Dalam epos wayang Mahabharata, baik dalam versi India maupun Jawa, Duryudana si tokoh antagonis sama-sama disebut punya anak kembar dampit alias kembar laki-laki dan perempuan.
Perbedaannya terletak pada nama dan sorotan soal karakteristik. Dalam versi India, putra Duryudana bernama Laksmanakumara, dan putrinya bernama Laksmana.
Dalam versi Jawa, nama Laksmanakumara diadaptasi menjadi Lesmana Mandrakumara, sementara nama Laksmana diadaptasi menjadi Lesmanawati.
Dari keduanya, porsi tampil Laksmana alias Lesmanawati terbilang jauh lebih sedikit dari saudara kembarnya. Dalam versi India, Laksmana hanya disebut menjadi istri Samba, putra Prabu Kresna, sementara dalam versi Jawa, Lesmanawati menjadi istri Raden Warsakusuma, putra Adipati Karna.
Di sisi lain, meski terdapat perbedaan porsi tampil dan tampilan umum pada tokoh Lesmana Mandrakumara dan Laksmanakumara, ada dua hal yang menjadi benang merah dari keduanya, yakni posisi sebagai putra mahkota Kerajaan Astinapura dan akhir perjalanan yang identik: gugur di tangan Abimanyu (putra Arjuna) dalam Perang Bharatayuda di Kurusetra.
Dalam pewayangan versi Jawa, Lesmana Mandrakumara bukan Laksmanakumara yang terkesan "biasa saja". Dia adalah satu tokoh "luar biasa" tapi dalam arti negatif.
Karena statusnya sebagai seorang "putra mahkota", Lesmana Mandrakumara begitu dimanja oleh ayah dan keluarga besarnya. Alhasil, dia tumbuh menjadi anak manja, yang justru sangat tidak cocok dengan statusnya.

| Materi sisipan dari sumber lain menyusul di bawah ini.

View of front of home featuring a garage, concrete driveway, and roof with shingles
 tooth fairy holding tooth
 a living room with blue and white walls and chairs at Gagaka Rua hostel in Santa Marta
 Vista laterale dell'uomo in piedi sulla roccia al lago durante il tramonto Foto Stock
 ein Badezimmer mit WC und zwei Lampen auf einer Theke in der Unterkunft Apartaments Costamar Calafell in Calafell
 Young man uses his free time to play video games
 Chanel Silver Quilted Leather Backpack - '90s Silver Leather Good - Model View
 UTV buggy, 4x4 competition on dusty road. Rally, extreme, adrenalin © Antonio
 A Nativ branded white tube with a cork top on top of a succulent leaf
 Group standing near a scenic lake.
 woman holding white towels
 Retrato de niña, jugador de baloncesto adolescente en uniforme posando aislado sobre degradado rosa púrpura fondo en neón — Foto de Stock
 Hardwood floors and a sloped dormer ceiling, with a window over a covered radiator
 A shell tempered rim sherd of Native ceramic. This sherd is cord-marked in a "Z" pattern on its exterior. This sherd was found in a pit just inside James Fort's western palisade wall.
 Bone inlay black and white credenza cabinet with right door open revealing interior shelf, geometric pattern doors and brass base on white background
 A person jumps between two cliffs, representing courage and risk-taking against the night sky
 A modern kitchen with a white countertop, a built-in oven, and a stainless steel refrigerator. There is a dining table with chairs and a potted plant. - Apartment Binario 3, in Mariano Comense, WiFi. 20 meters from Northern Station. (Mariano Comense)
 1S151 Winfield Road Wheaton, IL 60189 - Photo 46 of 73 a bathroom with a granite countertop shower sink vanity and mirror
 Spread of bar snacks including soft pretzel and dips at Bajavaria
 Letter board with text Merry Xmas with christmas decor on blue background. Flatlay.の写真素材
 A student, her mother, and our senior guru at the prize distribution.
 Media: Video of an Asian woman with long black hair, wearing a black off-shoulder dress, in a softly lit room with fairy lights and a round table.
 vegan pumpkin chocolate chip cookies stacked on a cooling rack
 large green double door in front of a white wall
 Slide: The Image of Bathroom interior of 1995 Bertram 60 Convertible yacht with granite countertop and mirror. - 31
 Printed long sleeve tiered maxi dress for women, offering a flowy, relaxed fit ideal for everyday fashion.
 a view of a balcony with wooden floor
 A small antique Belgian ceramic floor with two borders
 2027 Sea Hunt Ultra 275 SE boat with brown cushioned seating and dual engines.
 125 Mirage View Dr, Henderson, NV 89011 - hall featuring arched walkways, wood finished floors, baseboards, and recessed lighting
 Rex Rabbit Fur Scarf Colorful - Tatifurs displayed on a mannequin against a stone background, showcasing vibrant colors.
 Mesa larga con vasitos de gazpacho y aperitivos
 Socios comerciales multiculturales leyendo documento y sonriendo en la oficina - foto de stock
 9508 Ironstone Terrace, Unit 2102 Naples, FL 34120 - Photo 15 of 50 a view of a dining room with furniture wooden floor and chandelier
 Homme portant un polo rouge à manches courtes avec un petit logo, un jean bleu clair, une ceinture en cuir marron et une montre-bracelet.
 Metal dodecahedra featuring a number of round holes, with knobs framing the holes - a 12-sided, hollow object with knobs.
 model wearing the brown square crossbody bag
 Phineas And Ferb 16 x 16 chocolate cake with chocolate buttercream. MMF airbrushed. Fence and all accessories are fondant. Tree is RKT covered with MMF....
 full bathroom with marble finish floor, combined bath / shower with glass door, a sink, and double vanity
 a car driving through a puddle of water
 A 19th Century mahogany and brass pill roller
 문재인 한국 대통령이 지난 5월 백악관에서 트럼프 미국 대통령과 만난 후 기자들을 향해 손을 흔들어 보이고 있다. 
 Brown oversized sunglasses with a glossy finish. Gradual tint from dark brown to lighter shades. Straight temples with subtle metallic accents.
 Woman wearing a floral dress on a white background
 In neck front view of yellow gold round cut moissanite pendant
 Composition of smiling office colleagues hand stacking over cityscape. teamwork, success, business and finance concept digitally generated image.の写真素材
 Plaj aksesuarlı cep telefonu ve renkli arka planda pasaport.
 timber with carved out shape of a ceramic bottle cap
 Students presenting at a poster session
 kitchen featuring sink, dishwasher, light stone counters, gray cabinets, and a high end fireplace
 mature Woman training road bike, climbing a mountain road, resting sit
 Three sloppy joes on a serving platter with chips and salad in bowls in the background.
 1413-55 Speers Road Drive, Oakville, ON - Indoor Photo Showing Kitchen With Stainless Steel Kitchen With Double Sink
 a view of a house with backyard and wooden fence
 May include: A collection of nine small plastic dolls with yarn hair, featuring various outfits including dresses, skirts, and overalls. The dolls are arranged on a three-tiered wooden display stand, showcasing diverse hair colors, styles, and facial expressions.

Gambaran sosoknya pun terlihat suram. Meski tumbuh dewasa secara fisik, pertumbuhan mentalnya seperti mentok di level seorang bocah. Sisi suramnya makin lengkap, karena sifatnya sombong dan arogan, seperti ayahnya.
Dalam hal keterampilan tempur, sebenarnya Lesmana mendapat previlese istimewa, karena punya guru ahli sekelas Resi Dorna, tapi entah karena spek gurunya yang terlalu "overpower" atau level kemampuannya yang memang terlalu "kureng", putra Kurawa ini tidak lulus dalam studi keterampilan tempur.
Akibatnya, kemampuan tempur Lesmana Mandrakumara benar-benar kurang, untuk ukuran seorang pangeran. Dalam banyak lakon cerita, ia hampir selalu jadi bulan-bulanan, baik dalam pertarungan fisik maupun sayembara mencari jodoh.